Pureza genética e garantia de qualidade são benefícios do uso de sementes certificadas.

Sementes certificadas são o insumo mais importante na agricultura. Afinal, elas carregam todo potencial produtivo da planta, além do investimento em melhoramento genético e biotecnologia, ou seja, é uma importante tecnologia.

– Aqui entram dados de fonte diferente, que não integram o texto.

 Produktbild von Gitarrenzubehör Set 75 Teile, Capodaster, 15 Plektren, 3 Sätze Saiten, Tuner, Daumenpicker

Aprendemos qual a função de uma semente lá na infância, quando fizemos nosso primeiro experimento, com algodão e um feijão. A partir dele foi possível acompanhar o crescimento e desenvolvimento de uma nova planta. Na agricultura, as proporções se tornam maiores, mas ainda assim são as sementes, as responsáveis pela multiplicação de muitas espécies vegetais.

A escolha de uma semente ruim compromete a produtividade da lavoura e traz prejuízos financeiros aos produtores. Dessa forma, para que haja garantia de qualidade é preciso que o produtor invista em sementes certificadas.

A não utilização de sementes de alto valor pode deixar o agricultor às margens da inovação tecnológica presente nas cultivares.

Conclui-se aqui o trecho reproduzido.